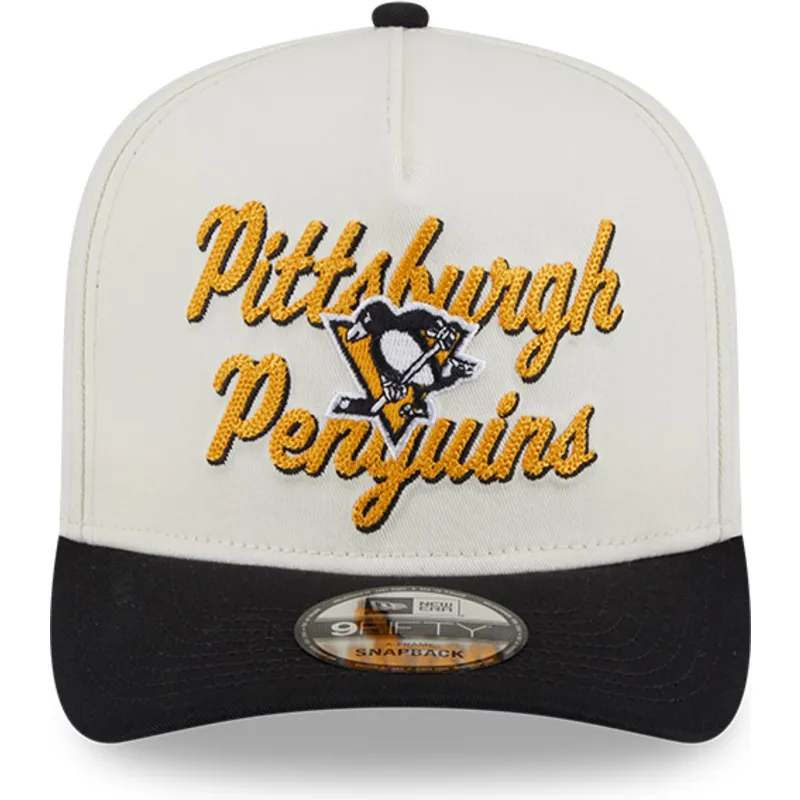 bezowo-czarna-zakrzywiona-czapka-snapback-9fifty-a-frame-chainstitch-pittsburgh-penguins-nhl-new-era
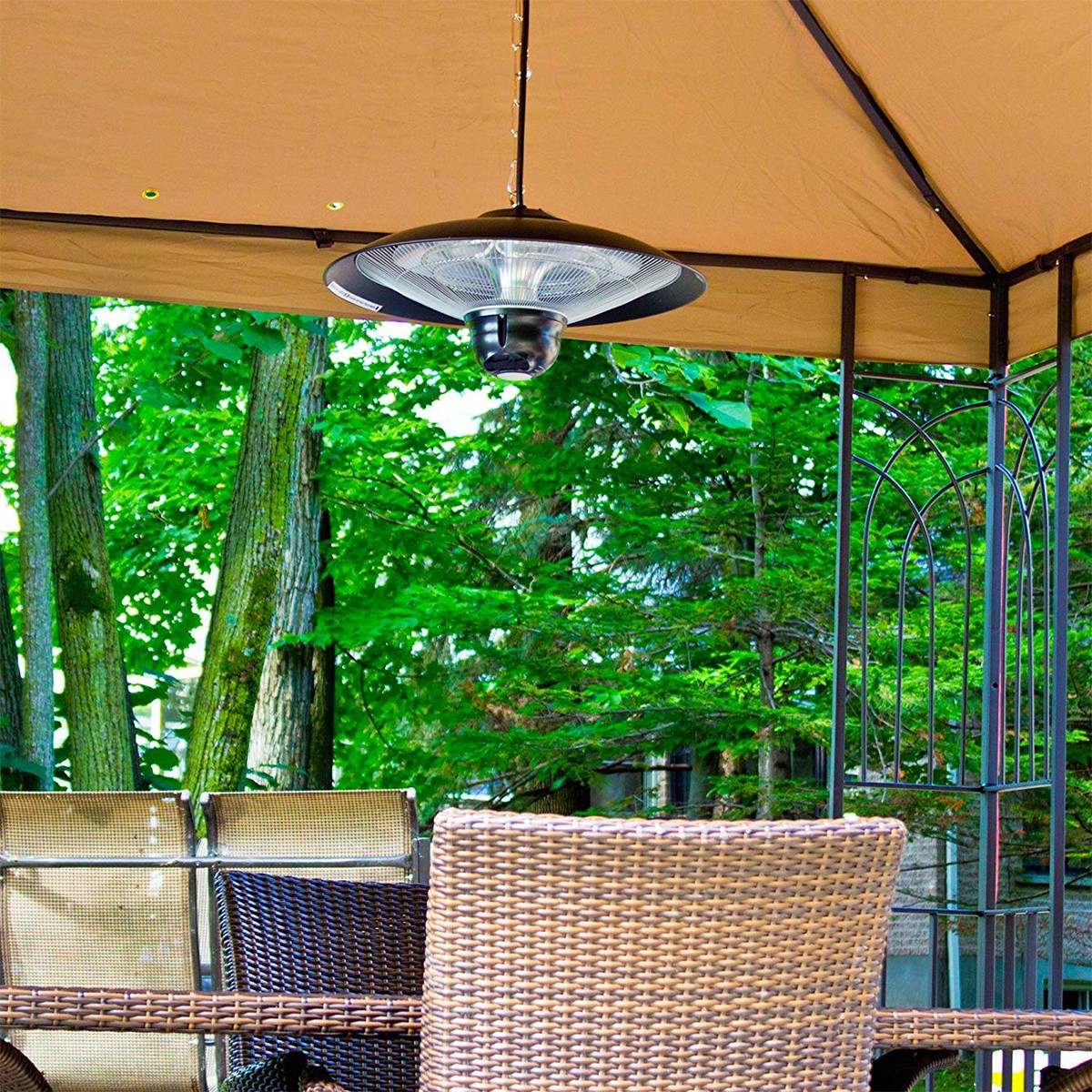 Ener-G+ Infrared 1500 Watt Electric Hanging Patio Heater - on Patio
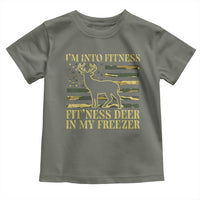 Hunting Toddler T Shirt I'm Into Fitness Fit'ness Deer In My Freezer Camo Flag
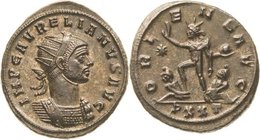 Kaiserzeit
Aurelianus 270-275 Antoninian 270/275, Ticinum Brustbild mit Strahlenkrone nach rechts, IMP C AVRELIANVS AVG / Sol schreitet zwischen zwei...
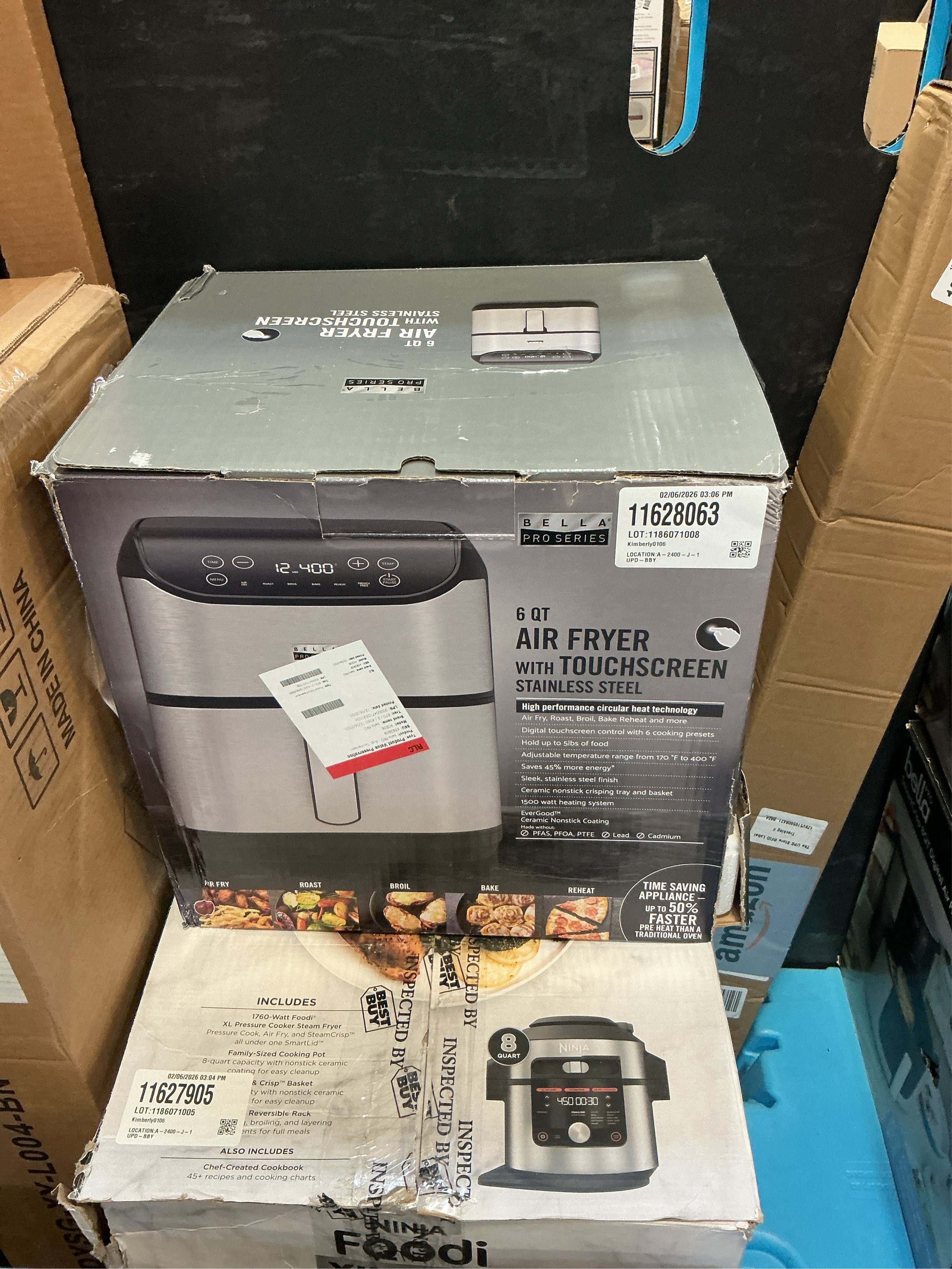 Bella PRO - 6-qt. Touchscreen Air Fryer - Stainless Steel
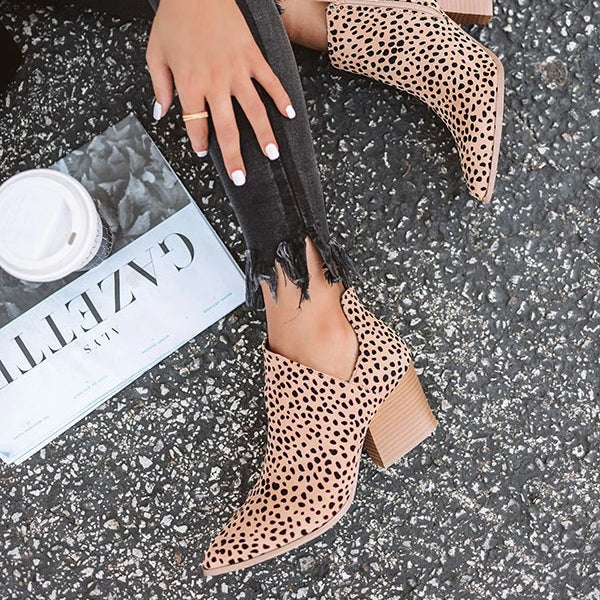 Susiecloths Fashion Stylish Pointed Toe Leopard Booties
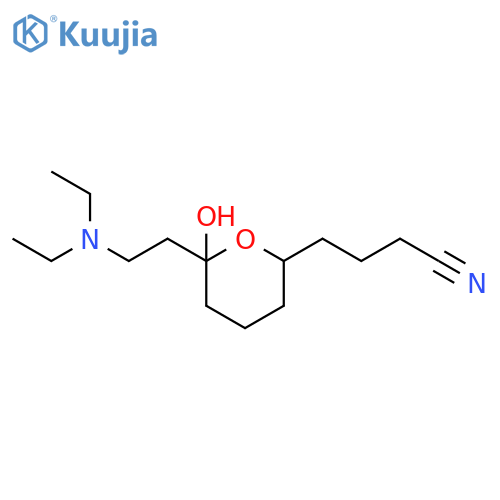2H-Pyran-2-butanenitrile, 6-[2-(diethylamino)ethyl]tetrahydro-6-hydroxy- structure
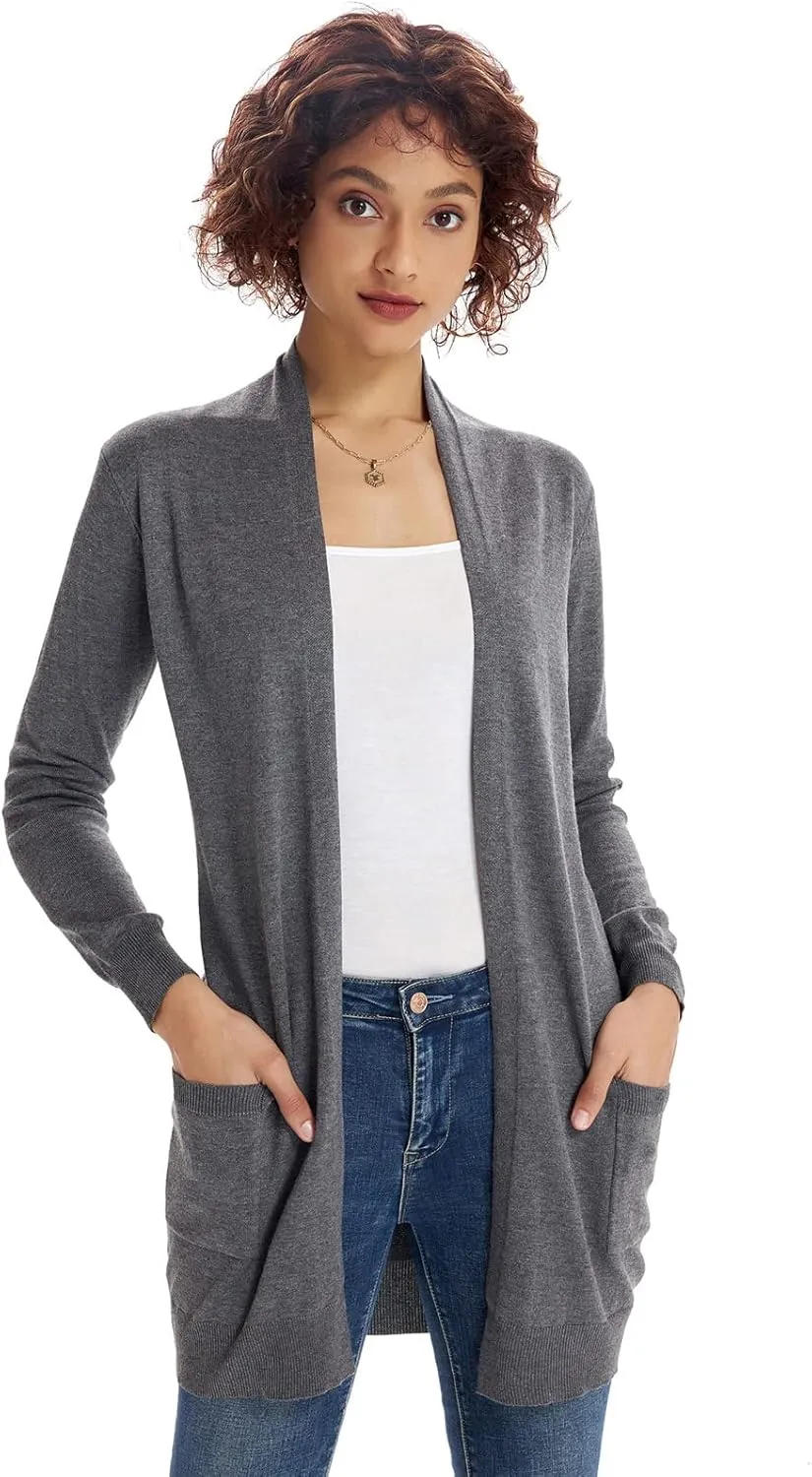 GRACE KARIN Women Lightweight Cardigan Sweaters with Pocket Long Sleeve Shrugs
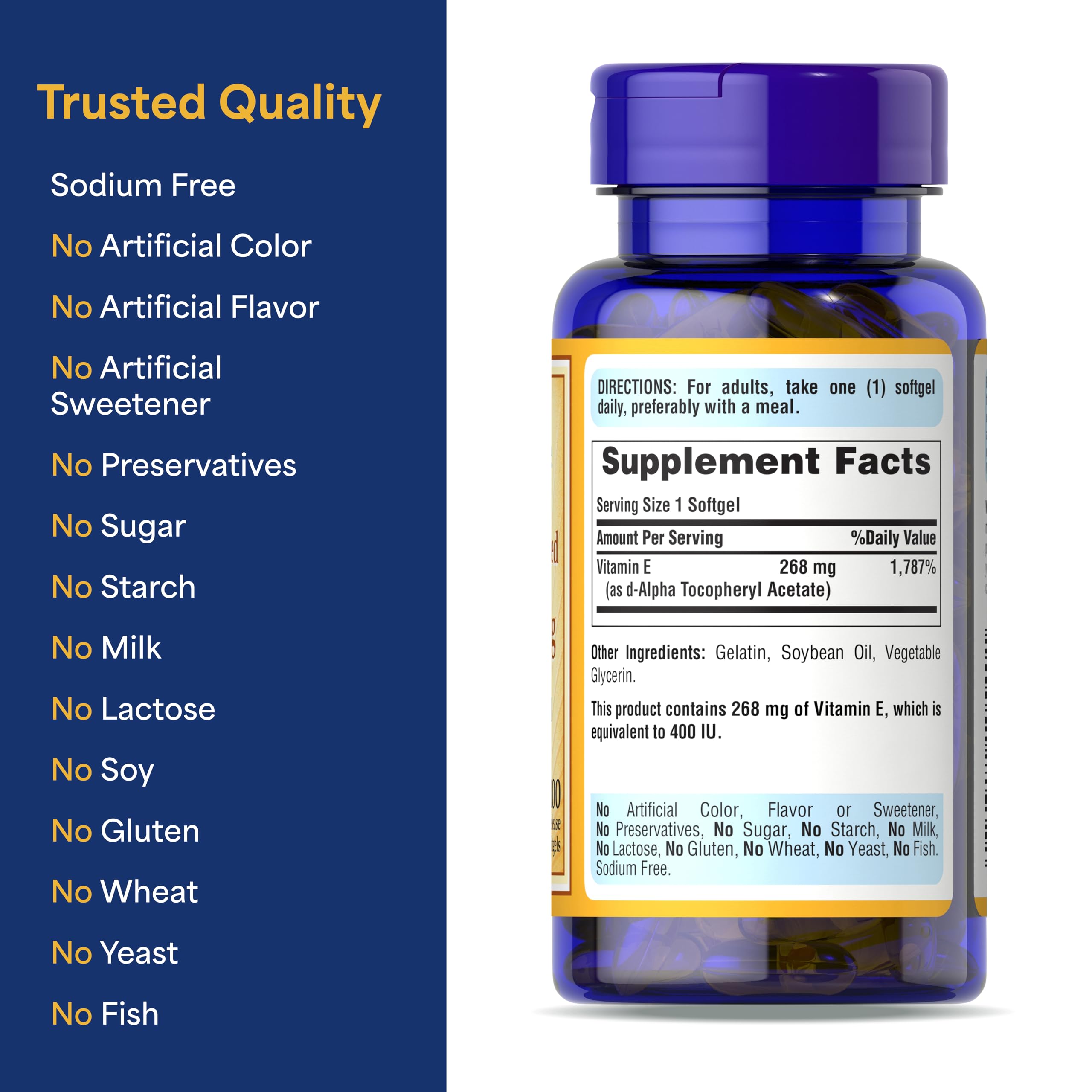 Puritan's Pride Vitamin E-268mg softgel packaging conveys quality and shelf-stable antioxidant benefits.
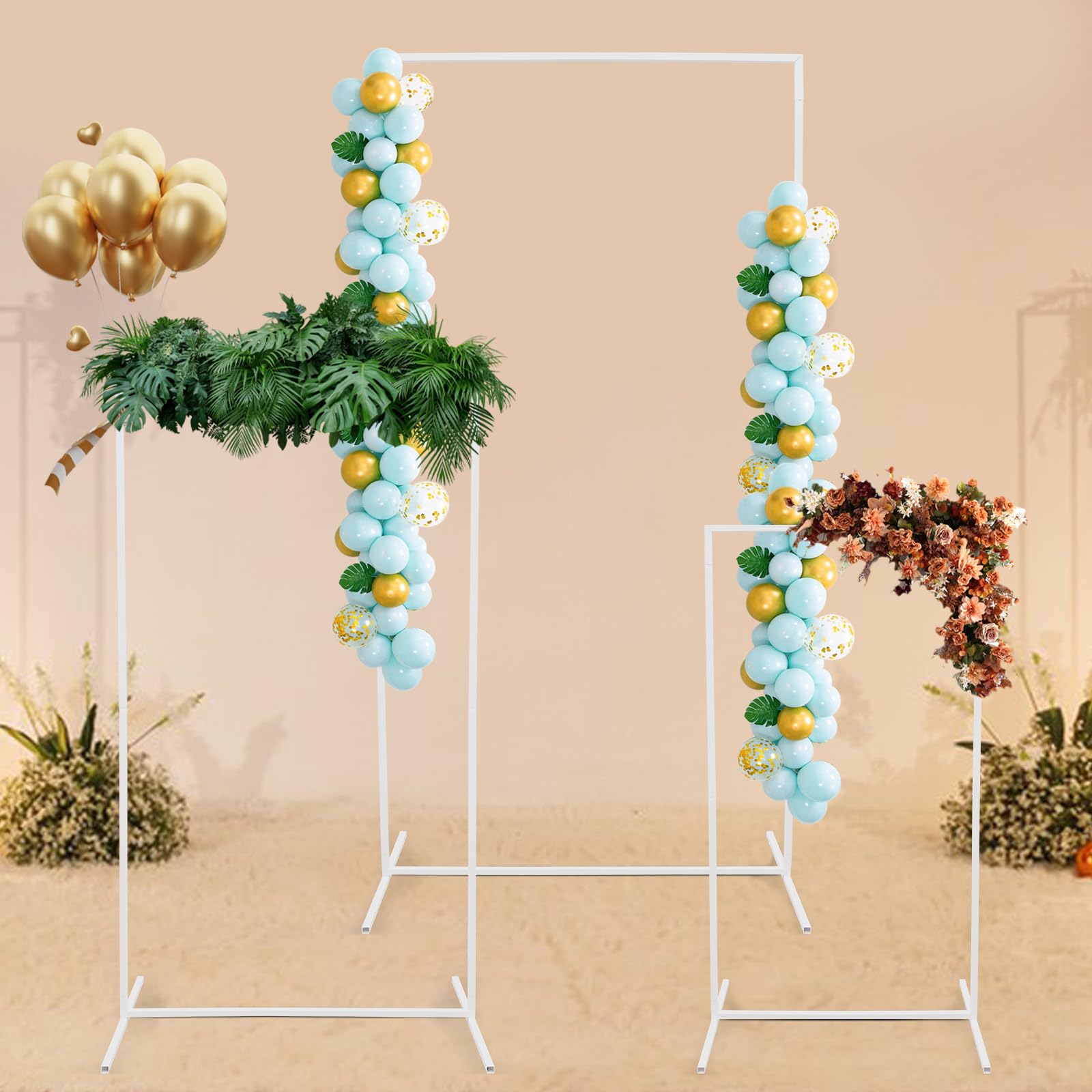 Sfondo per fogli di matrimonio, rettangolare, regolabile, in metallo, per sfondi fotografici, feste, compleanni, matrimoni, feste di laurea (1,9 m/1,6 m/1,3 m) (bianco)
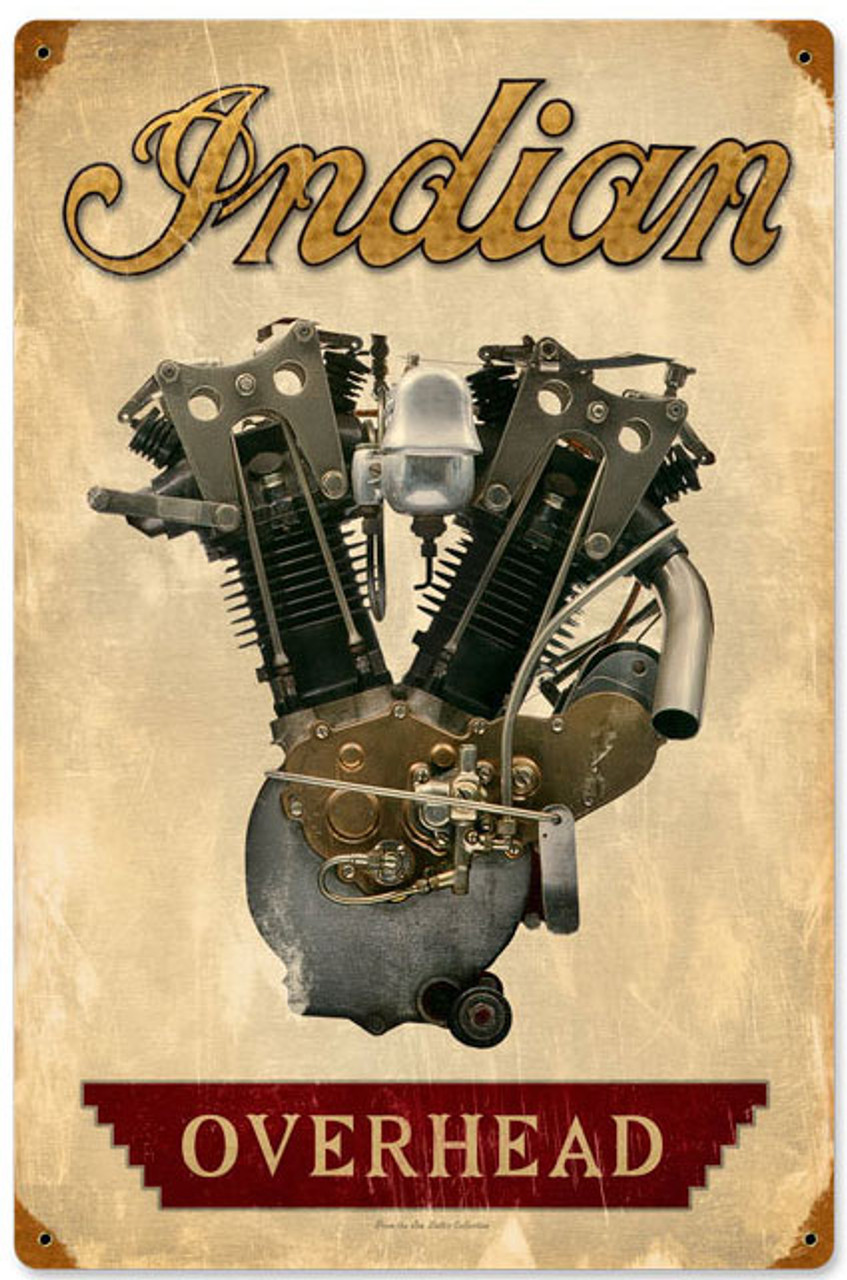 Retro Indian Engine Metal Sign 12 x 18 Inches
◆ ◆ ◆ ◆
All of the data above is to be repeated exactly, with the pictures left out.

- Response below
 bezowo-czarna-zakrzywiona-czapka-snapback-9fifty-a-frame-chainstitch-pittsburgh-penguins-nhl-new-era
 Ener-G+ Infrared 1500 Watt Electric Hanging Patio Heater - on Patio
 Hunting Toddler T Shirt I'm Into Fitness Fit'ness Deer In My Freezer Camo Flag
 Kaiserzeit
Aurelianus 270-275 Antoninian 270/275, Ticinum Brustbild mit Strahlenkrone nach rechts, IMP C AVRELIANVS AVG / Sol schreitet zwischen zwei...
 Bella PRO - 6-qt. Touchscreen Air Fryer - Stainless Steel
 Susiecloths Fashion Stylish Pointed Toe Leopard Booties
2H-Pyran-2-butanenitrile, 6-[2-(diethylamino)ethyl]tetrahydro-6-hydroxy- structure
 GRACE KARIN Women Lightweight Cardigan Sweaters with Pocket Long Sleeve Shrugs
 Puritan's Pride Vitamin E-268mg softgel packaging conveys quality and shelf-stable antioxidant benefits.
 Sfondo per fogli di matrimonio, rettangolare, regolabile, in metallo, per sfondi fotografici, feste, compleanni, matrimoni, feste di laurea (1,9 m/1,6 m/1,3 m) (bianco)
 Retro Indian Engine Metal Sign 12 x 18 Inches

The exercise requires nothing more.